[Material for this exercise — start]

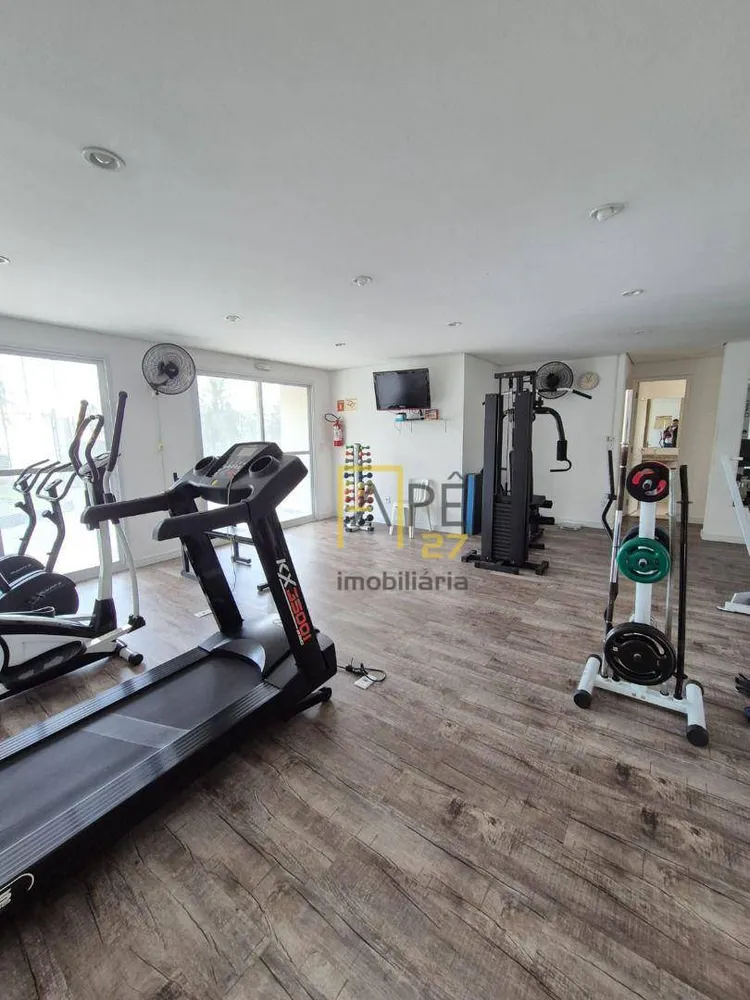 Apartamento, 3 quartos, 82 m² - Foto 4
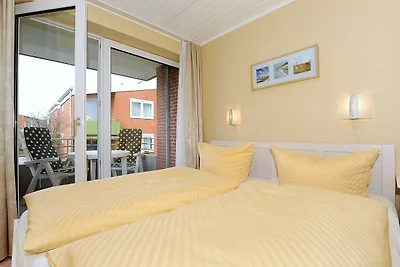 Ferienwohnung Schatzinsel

[Material for this exercise — finish]
[Material for this exercise — start]

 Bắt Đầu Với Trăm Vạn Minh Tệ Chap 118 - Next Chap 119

[Material for this exercise — finish]
[Material for this exercise — start]

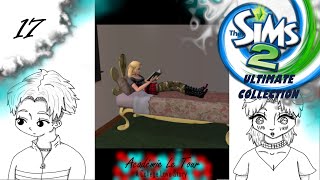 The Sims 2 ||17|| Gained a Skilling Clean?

[Material for this exercise — finish]

◆ **What is being asked**: After locating the line containing "Apartamento, 3 quartos, 82 m² - Foto 4" in the entries above, return it and every line after it exactly, ending at the line containing "Ferienwohnung Schatzinsel", without pictures.

◆ **Written reply**:
 Apartamento, 3 quartos, 82 m² - Foto 4
 Ferienwohnung Schatzinsel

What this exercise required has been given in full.